Remember that tooth decay doesn’t repair itself, which means that procrastination will only make it worse. That said, be sure to seek proper treatments once your dentist notices any sign of decay during your dental checkup.
Here are some solutions your dentist might recommend, depending on the severity of tooth decay:
4. Fluoride Treatment
If your dentist notices cavities starting to form due to tooth decay, he might recommend a fluoride treatment to restore the tooth enamel. When performed early on, this may even reverse the cavity.
These treatments offered by professionals contain more fluoride than those found in toothpaste, tap water, and mouth rinses. They also come in gel, liquid, or varnish form, which are usually applied to the teeth using a brush or placed on a small dental tray fitted over the teeth.
Also known as “restorations,” dental fillings are dubbed as the main treatment option that has passed the early stages. They literally “fill” the cavities caused by tooth decay with tooth-colored materials like porcelain, composite resin, and dental amalgam to prevent further spread of the disease.
6. Dental Crown
When the decay in your teeth has progressed further and weakened the teeth, it may be high time to get yourself a dental crown.
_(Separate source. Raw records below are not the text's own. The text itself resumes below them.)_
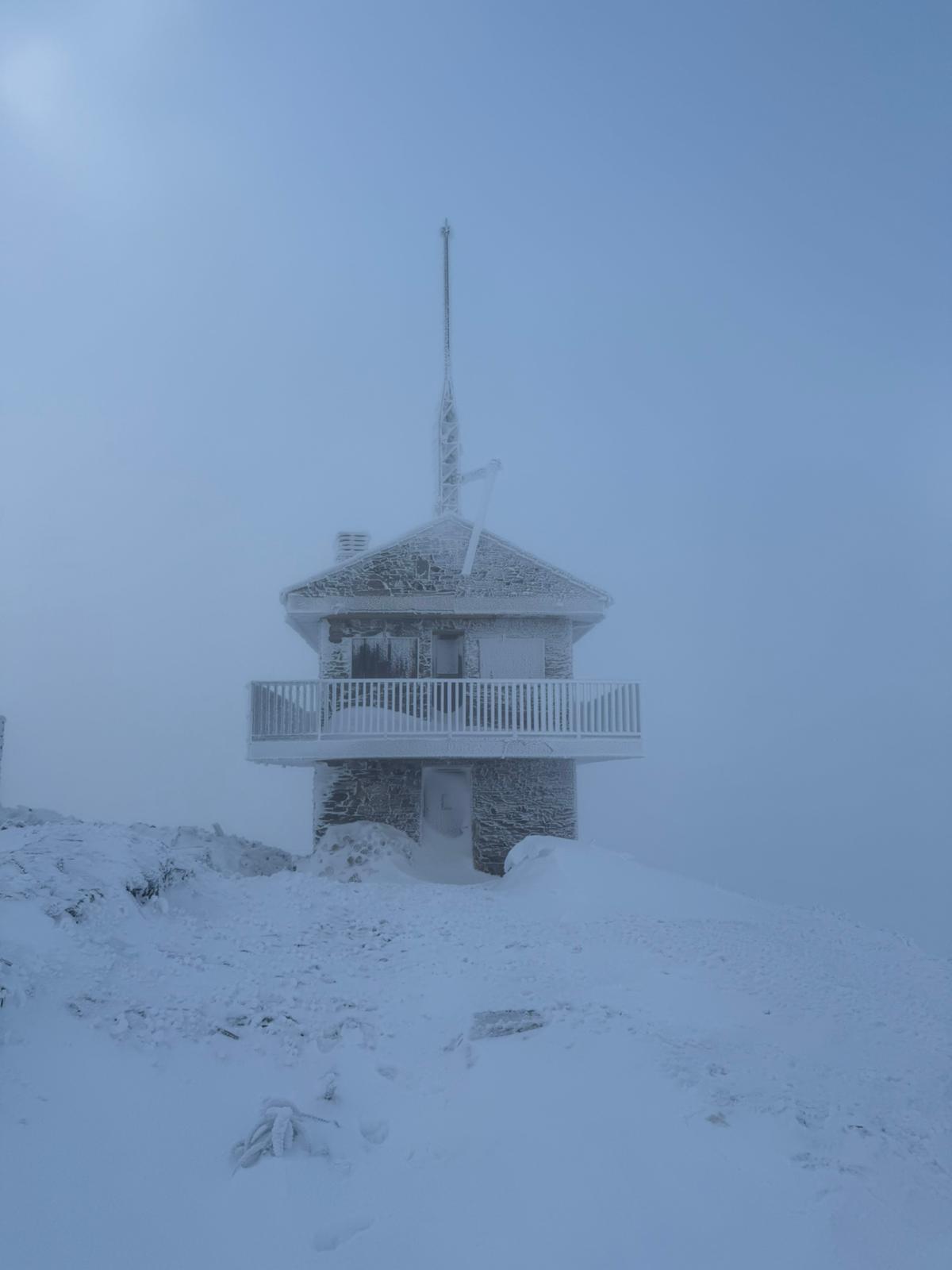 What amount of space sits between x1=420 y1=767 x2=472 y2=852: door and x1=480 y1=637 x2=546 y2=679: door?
2437 millimetres

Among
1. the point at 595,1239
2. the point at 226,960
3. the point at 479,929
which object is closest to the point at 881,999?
the point at 479,929

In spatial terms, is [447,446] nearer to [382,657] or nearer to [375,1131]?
[382,657]

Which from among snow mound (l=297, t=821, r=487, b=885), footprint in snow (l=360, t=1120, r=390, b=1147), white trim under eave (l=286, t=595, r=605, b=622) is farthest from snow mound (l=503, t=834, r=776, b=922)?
footprint in snow (l=360, t=1120, r=390, b=1147)

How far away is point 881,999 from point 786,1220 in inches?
201

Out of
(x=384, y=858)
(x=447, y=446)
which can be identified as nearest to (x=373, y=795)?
(x=384, y=858)

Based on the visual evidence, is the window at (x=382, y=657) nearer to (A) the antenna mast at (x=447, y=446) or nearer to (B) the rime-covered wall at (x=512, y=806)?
(B) the rime-covered wall at (x=512, y=806)

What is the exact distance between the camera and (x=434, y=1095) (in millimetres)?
6629

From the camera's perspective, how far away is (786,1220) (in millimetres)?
5410

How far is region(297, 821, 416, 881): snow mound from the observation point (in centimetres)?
1725

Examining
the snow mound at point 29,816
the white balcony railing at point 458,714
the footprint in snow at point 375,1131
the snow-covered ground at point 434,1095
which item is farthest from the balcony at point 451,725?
the footprint in snow at point 375,1131

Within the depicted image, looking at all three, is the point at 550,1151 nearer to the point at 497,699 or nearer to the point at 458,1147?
the point at 458,1147

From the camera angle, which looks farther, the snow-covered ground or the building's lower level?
the building's lower level

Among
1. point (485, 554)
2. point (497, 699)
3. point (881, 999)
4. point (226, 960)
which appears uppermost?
point (485, 554)

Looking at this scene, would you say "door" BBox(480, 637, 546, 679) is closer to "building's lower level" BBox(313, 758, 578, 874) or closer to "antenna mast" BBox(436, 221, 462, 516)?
"building's lower level" BBox(313, 758, 578, 874) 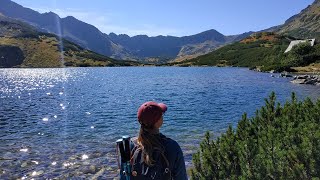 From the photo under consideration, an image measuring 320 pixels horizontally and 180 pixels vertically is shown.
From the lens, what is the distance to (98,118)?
38.6m

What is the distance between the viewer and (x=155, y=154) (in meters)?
5.77

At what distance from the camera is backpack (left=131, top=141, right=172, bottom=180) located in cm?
576

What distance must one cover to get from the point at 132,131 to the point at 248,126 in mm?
18560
These custom-fitted shells made of gold, resin, porcelain, and other materials cover the tooth’s natural crown and are placed after the dentist has drilled away all decayed parts. Some healthy parts of the natural teeth may also be removed to ensure the proper fit of the crown.
7. Root Canal
In case the tooth decay has already reached the innermost layer of the tooth called the “pulp,” your dentist might recommend a root canal in Fort Lauderdale. This treatment entails repairing badly damaged teeth by removing the diseased pulp and replacing it with a filling.
Get Rid of Decay Early on to Save Your Teeth
When a tooth is severely decayed to the point that it cannot be restored, the only option is to remove it. Extracting teeth prevents further spread of the decay, but it leaves a gap between the teeth. While this can be remedied with a dental bridge, implant, or dentures, nothing beats getting rid of decay early to save your teeth.